Unintentional errors on both sides

Tel-Adjust’s service is based on the premise that telecom bills are large, complex, and often inaccurate. By closely examining a firm’s charges, companies like Tel-Adjust identify cases where firms have been overpaying for telecommunications services for months, or even years. One Tel-Adjust customer had been overcharged for six years and eventually recouped $350,000 in excess charges.

Seldom do carriers overcharge on purpose; problems usually arise from human error. Keeping billing data up-to-date is a complex process because carriers constantly change pricing plans to attract new customers: For instance, AT&T Corp., of New York, has more than 3,500 pricing plans.

On the customer side, medium and large companies have ever- changing, large, complex networks. Seldom do they rely on a single carrier; instead, they work with multiple telecommunications service providers. Although it helps to increase network reliability, this approach also generates complex, multipage bills from a variety of suppliers.

In most cases, corporations pay little attention to their invoices. Telecom managers are busy and do not have either the time or the inclination to examine their bills line-by-line each month, said Dean Rowen, president of Communications Audit Service Inc., of Lake Forest, Calif. After selecting a plan or signing a contract, many managers consider their jobs done–but they may actually have just begun.

Billing discrepancies arise haphazardly as medium and large companies order new lines or change their telecommunications services. In certain cases, an alteration may not make its way from the point where the salesperson take the order to a carrier’s back- end billing system. The order may not be properly entered: Telephone companies have numerous charges for similar services, so a wrong code may be entered. With tariffs and pricing plans constantly changing, a customer may be billed under an old rate even though it has moved to a new plan, or a special discount may not be applied to a particular service. Also, software bugs can create problems: An application may not recognize a new billing formula or billing information may not move from the order entry to billing engine properly.

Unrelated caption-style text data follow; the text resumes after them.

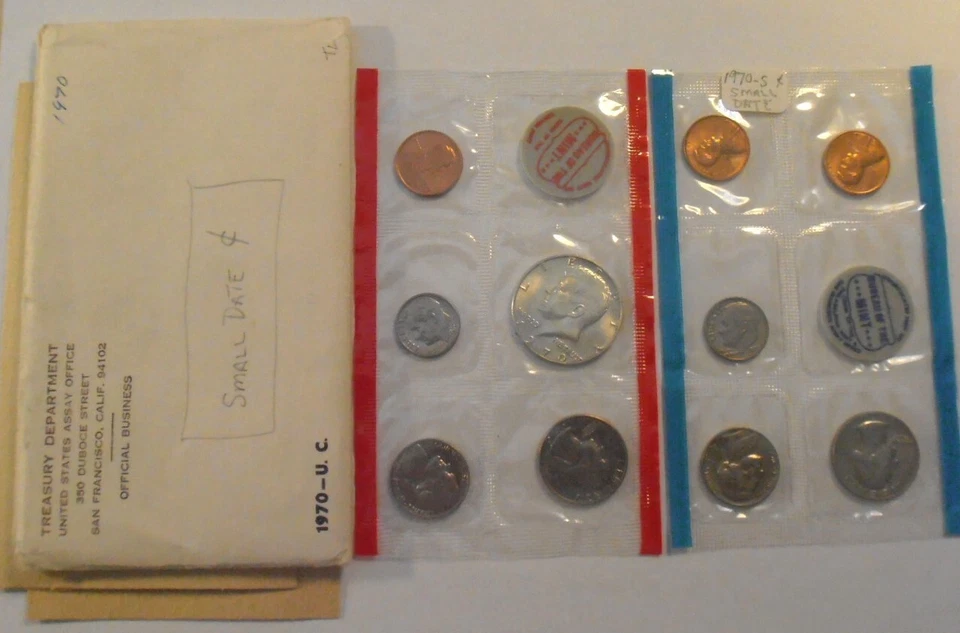 1970 S Small Date Cent AND 40% Silver Kennedy Half  (70SDMS) - Image 2 of 4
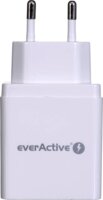 EverActive SC-300 3x USB Hálózati Töltő Adapter 17W - Fehér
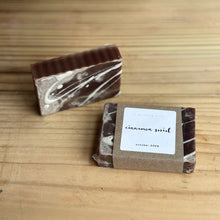 Load image into Gallery viewer, cinnamon swirl soap | cinnamon, cardamom & vanilla bean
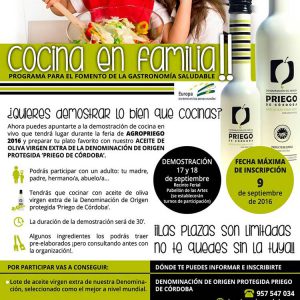 Cartel Cocina en Familia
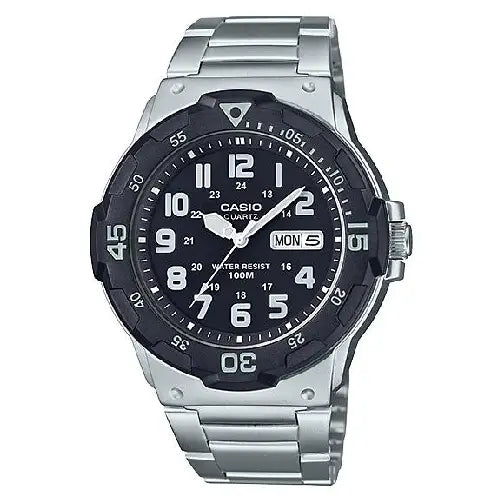 Casio Collection Analog MRW-200HD-1BVDF Black Dial Stainless Steel Men's Watch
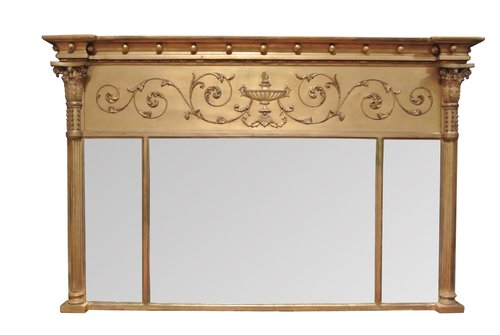 Antique Gilt Overmantel Mirror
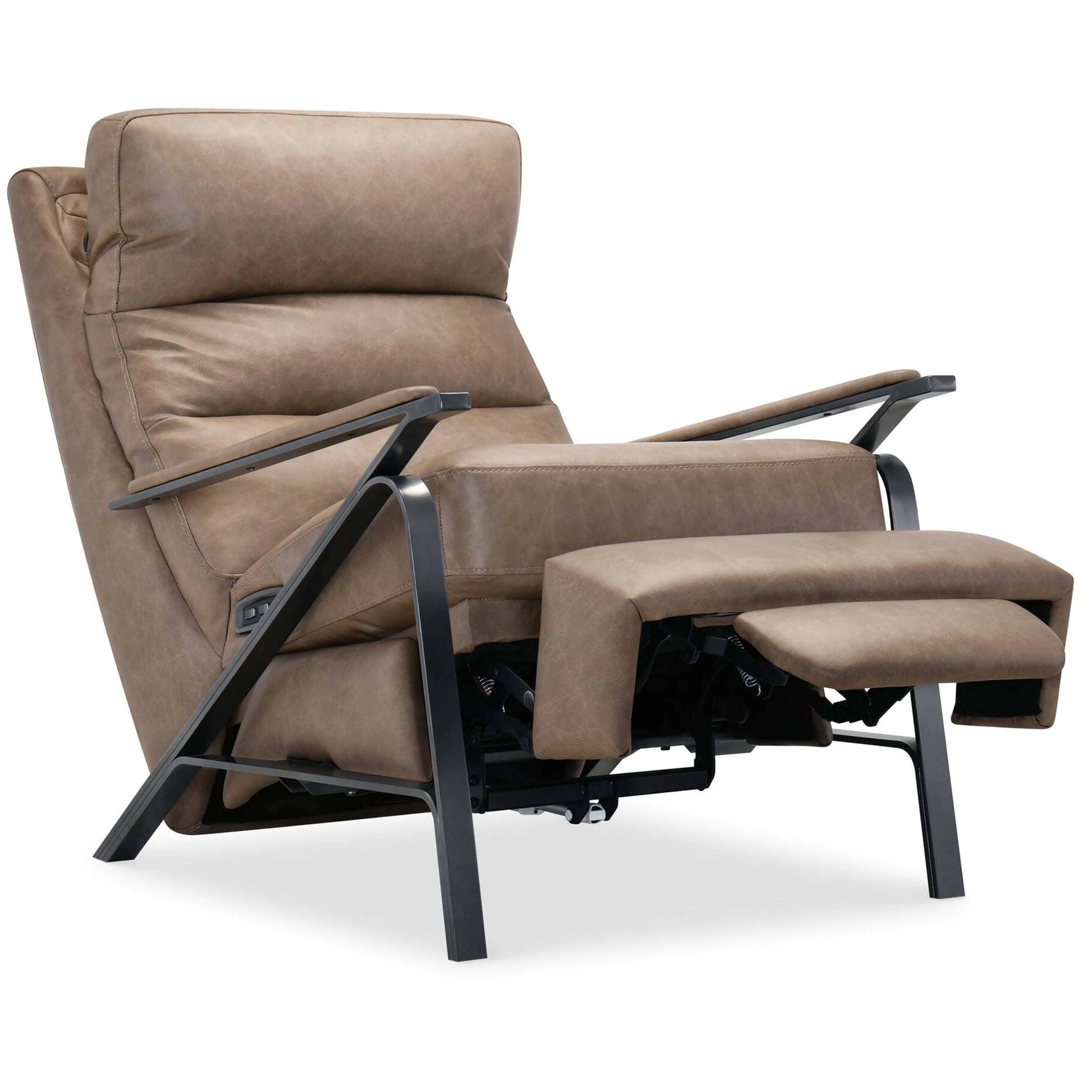 Elixir Leather Power Recliner, West Mushroom - Image 5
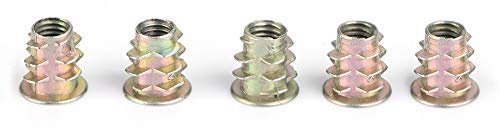 Tuercas hexagonales Inserte tuercas Aleación de zinc Madera Tuercas hexagonales Tuercas de muebles de madera M4 / M5(M5*10 100PCS)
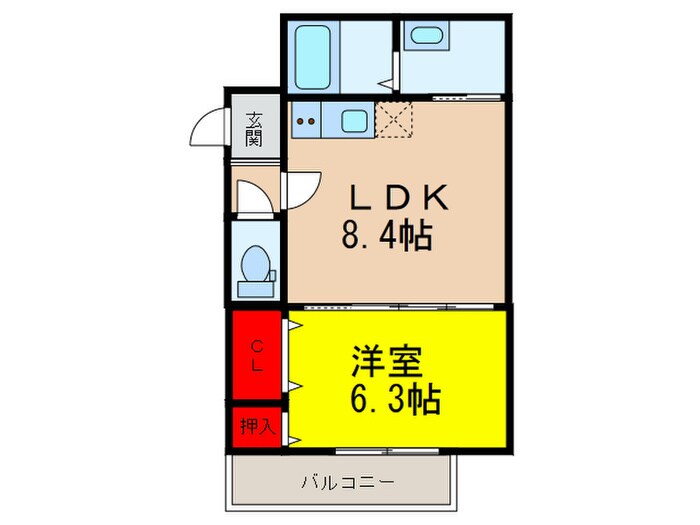 ﾌｼﾞﾊﾟﾚｽ井高野Ⅰ番館の物件間取画像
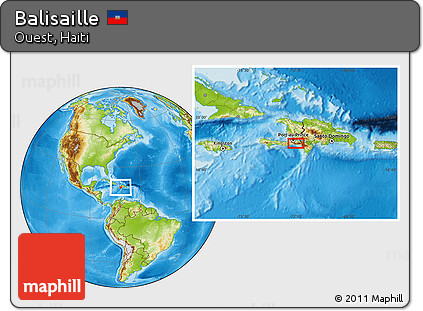 Physical Location Map of Balisaille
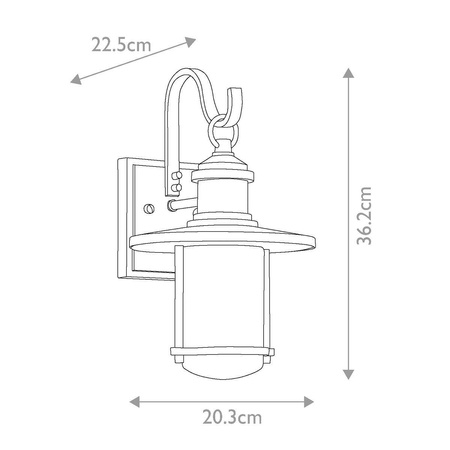 Kinkiet zewnętrzny Riverwood (KL-RIVERWOOD2-M) - Elstead Lighting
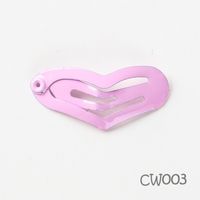 Simple Style Heart Shape Metal Stoving Varnish Hair Clip 1 Piece sku image 4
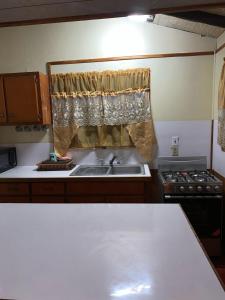 Kuhinja oz. manjša kuhinja v nastanitvi AJs Cottage Escape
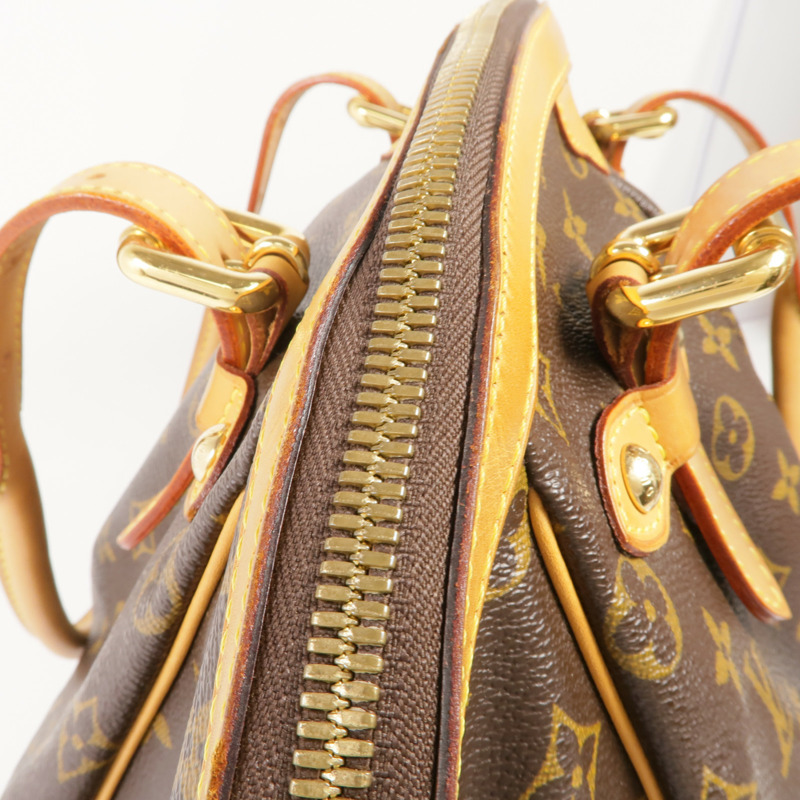 LOUIS VUITTON Monogram Tivoli GM金扣肩背袋-8
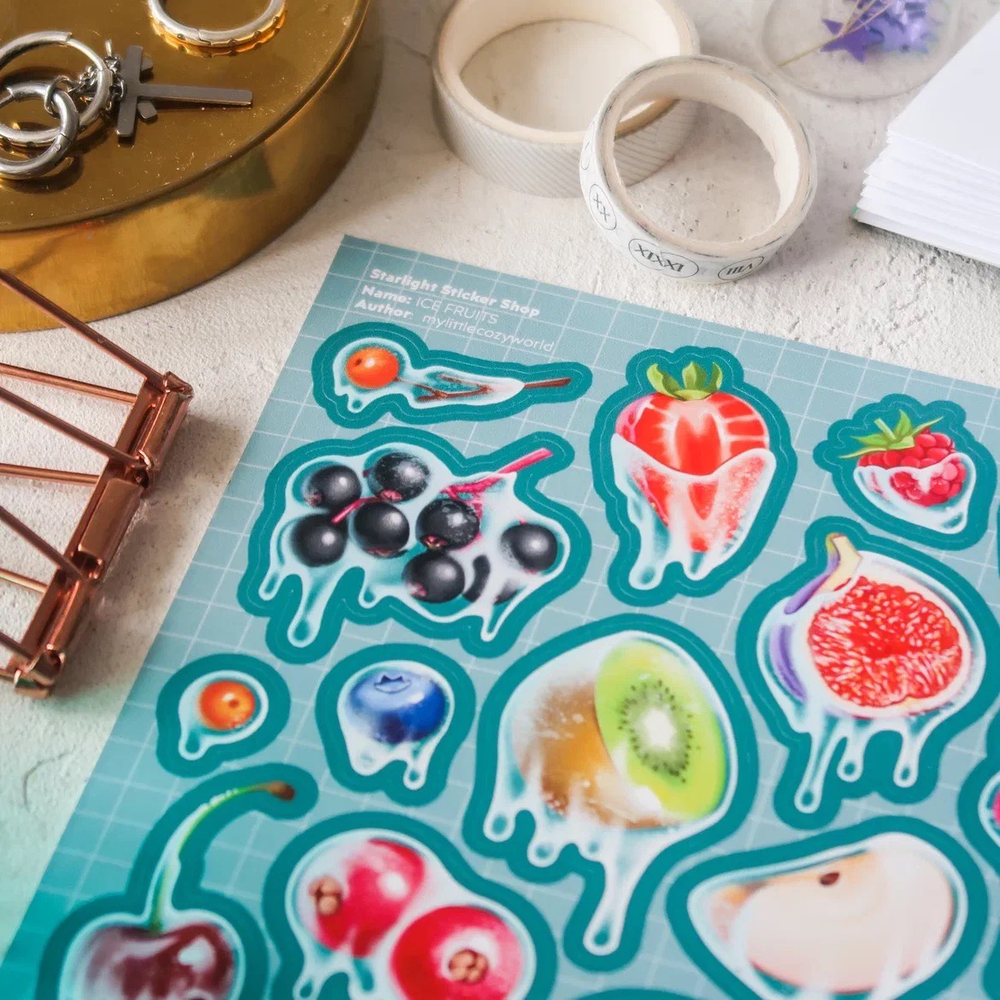 SQUARE ICE FRUITS
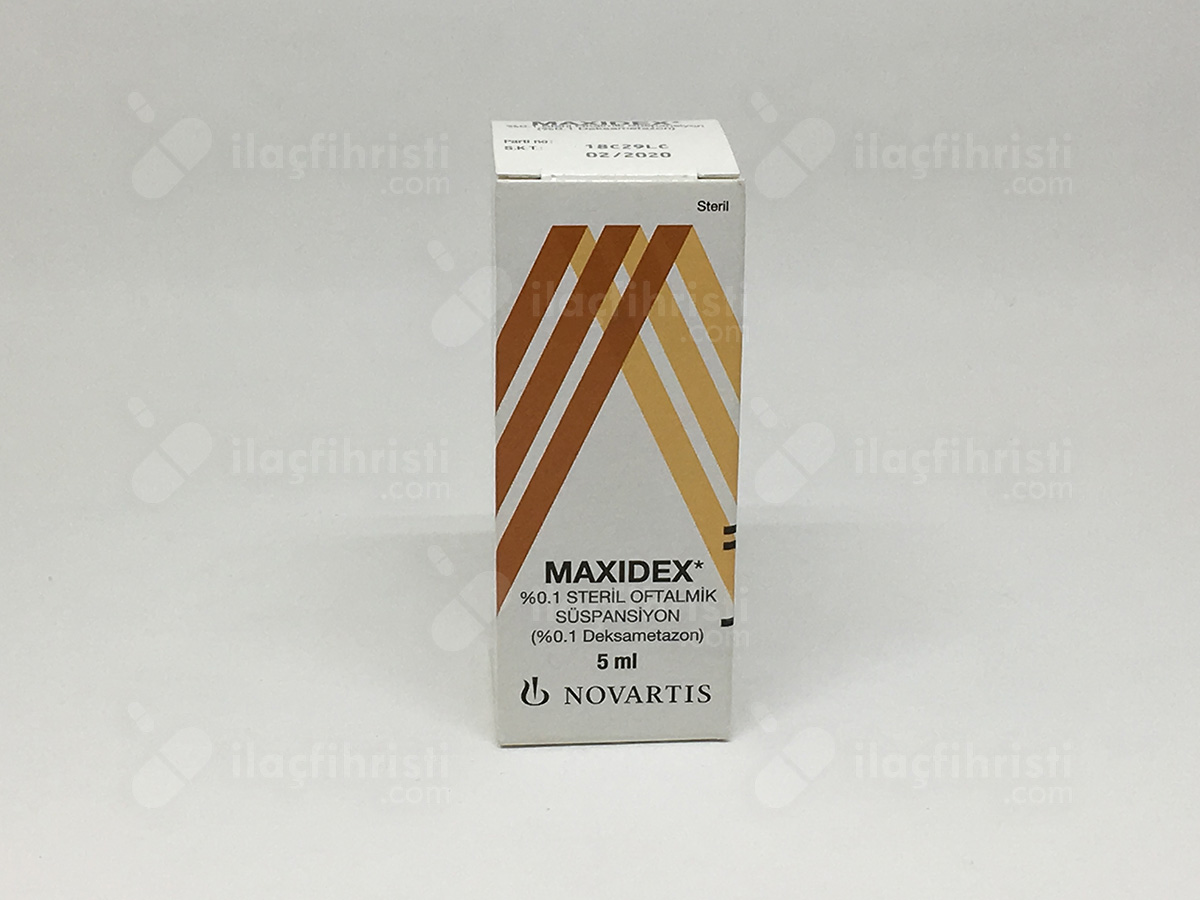 Maxidex %0,1 steril oft. süspansiyon (5 ml)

Such problems can arise with any type of service. The most common problems we see involve frame relay and ISDN lines; they are rarely billed properly, said Peter Laws, president of Tele Guard Systems Inc., a Plano, Texas, auditing firm.

Usually, a quick scan of the monthly bills will not illustrate any discrepancies. Because carriers summarize so many charges, customers may not be sure what they are paying for. Sometimes, a company finds telephone lines that it didn’t even know existed, or ones that were supposed to be taken out and off the books by the phone company, but weren’t. Or, a company could be paying for equipment that has been returned to the phone company or removed as part of a network upgrade.

Not all the problems are the carrier’s fault. Some problems can arise from a lack of communication between a business’s home office and remote locations. In many organizations, bills are paid centrally but services are delivered locally. Although the head office thinks remote users are working with one service, a branch manager may have purchased another service after hearing a local promotion. Consequently, the company has duplicate services at the branch office.

Typically, employees in the field are not allowed to pick long distance companies or buy equipment, but sometimes they are responsible for reviewing their groups’ telephone bills to ensure they are accurate. With little knowledge about various billing options, they often lack the expertise to evaluate the bills precisely.


The criminal factor

In addition to human error, criminal activities can create billing problems.

Slamming is the changing of a firm’s long-distance service from one carrier to another without the proper authorization, and cramming is the addition of extra services (voice mail, call waiting) without a company’s consent. This type of activity is increasing because carriers engaging in the practice understand their changes can be hidden in the thick pile of monthly telecommunications bills.

"Slamming and cramming are increasing because carriers engaging in
these practices understand their changes can be hidden in the thick
pile of monthly telecommunications bills.
"


Changed services

The last set of possible savings stems from network configurations. With corporate networks rapidly evolving and carriers’ calling plans constantly changing, firms may be able to save money by adjusting their services. Tele Guard Systems says it used this technique to cut one company’s mobile communications costs by $1,000 per month, reduced a manufacturer’s bill from $1,500 to $600 per month, and saved a third company $400 by changing its voice mail system.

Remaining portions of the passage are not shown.